Figure 3Representative dot plot of DIS (x-axis) versus log-transformed P value (y-axis) analysis of three GO categories. The red spots indicate the GO terms with significant differenced (P<0.05 and DIS ≥0.5) and the black spots indicate GO terms with no major differences (P≥0.05 or DIS <0.5) between conditions. DIS, difference of IScore; GO, Gene Ontology.
Figure 4Robustness evaluation of the NonLoss method. (A) Repeat rates of the top 15 GO terms show the frequency of their occurrence for different SN, when randomly sampled 100 times. (B) Overlap rate was calculated by taking the intersection of DBM results of a random sample set with a specific SN. The x-axis shows the average overlap rate of DBMs from random sampling 100 times. The y-axis displays the number of cells randomly sampled from datasets. The gray bars represent 2 groups of the calculation that were randomly sampled from normal mucosa and tumor cell populations, respectively (paired), whereas the crimson bars represent 2 groups of the calculation that were randomly sampled from the CRC-data (random). GO, Gene Ontology; SN, sampling number; DBM, differential biological module.

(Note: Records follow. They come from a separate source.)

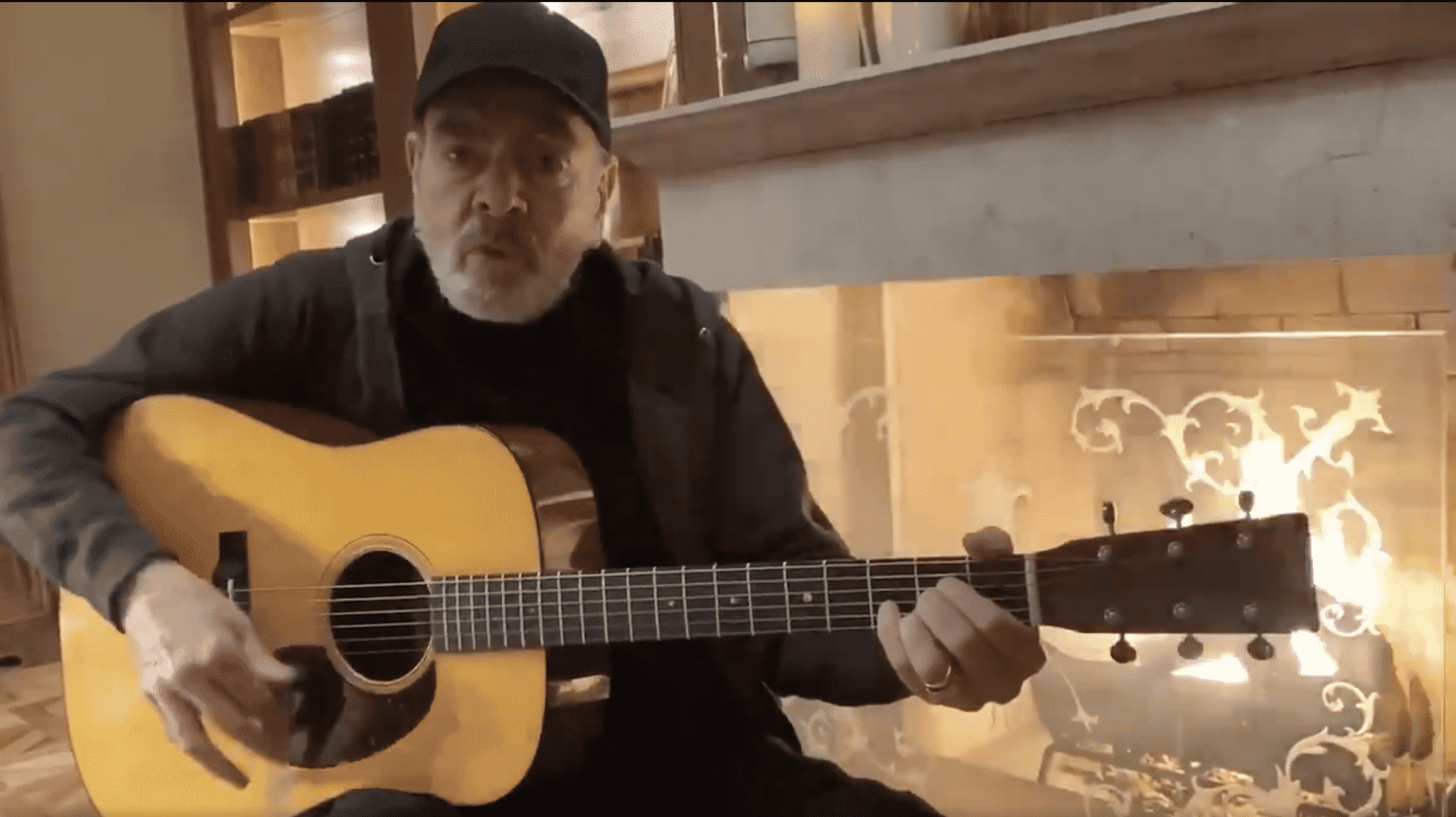 Neil Diamond Modifies Lyrics of ‘Sweet Caroline’ for Coronavirus and Social Distancing
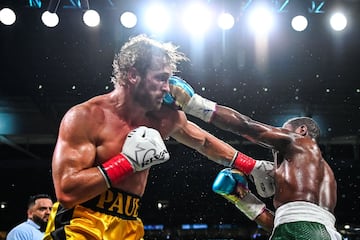 La pelea entre Mayweather y Logan Paul en imágenes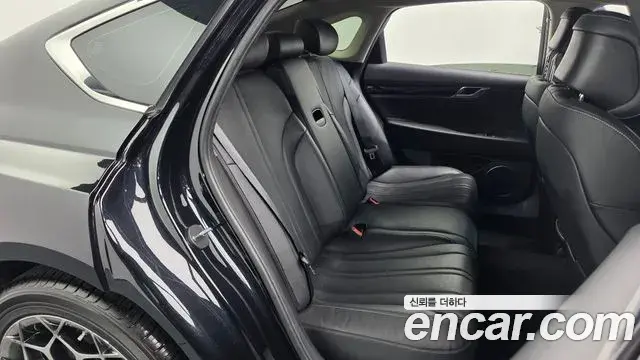 Genesis Electrified G80 2020 — Photo 11/20
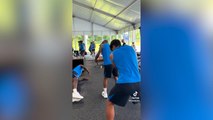 El vídeo viral del Chelsea entrenando con casi 50 jugadores a la vez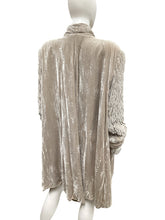 Load image into Gallery viewer, Genesio by Sunny Chayes Size one size Oatmeal Coat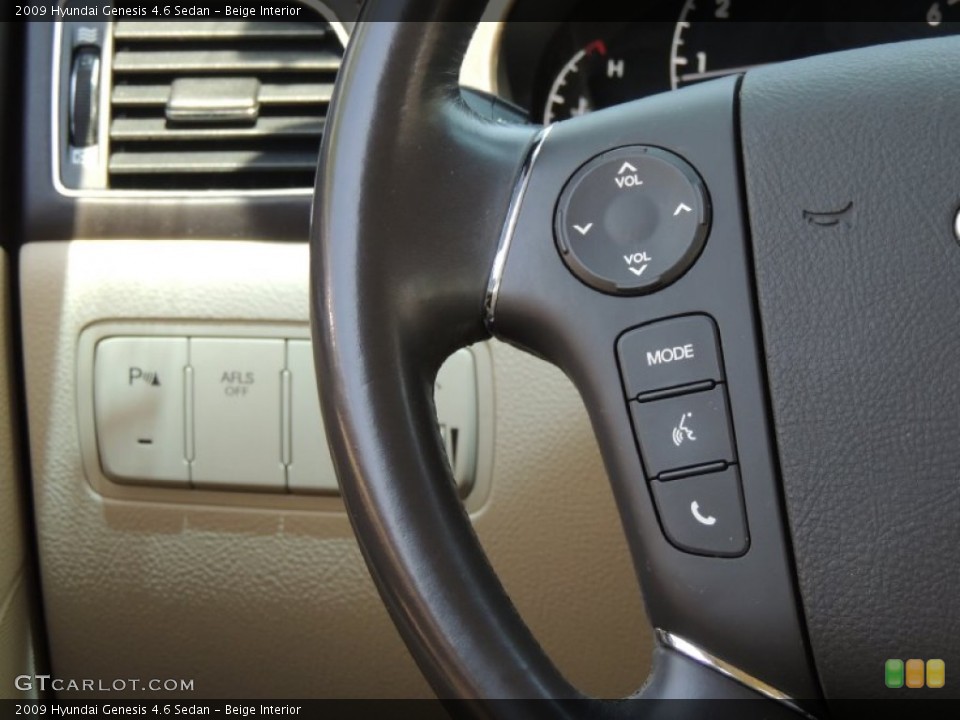 Beige Interior Controls for the 2009 Hyundai Genesis 4.6 Sedan #81192378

Figure 5The overlap analysis of DBMs between different time pair comparisons. (A) The Venn diagram shows the number of DBMs overlap between cells of DM and cells collected 24, 48 or 72 h after serum switch, respectively. Upper panel is for bulk RNA-seq data and lower panel is for scRNA-seq data. (B) The Venn diagram shows the number of DBMs overlap between successive time paired comparisons. Upper panel is for bulk RNA-seq data and lower panel is for scRNA-seq data. (C) Number of DBMs histogram statistics. Upper panel is number of DBMs overlap between cells of DM and cells collected 24, 48, or 72 h after serum switch, respectively. The lower panel is number of DBMs overlap between successive time paired comparisons. DBM, differential biological module.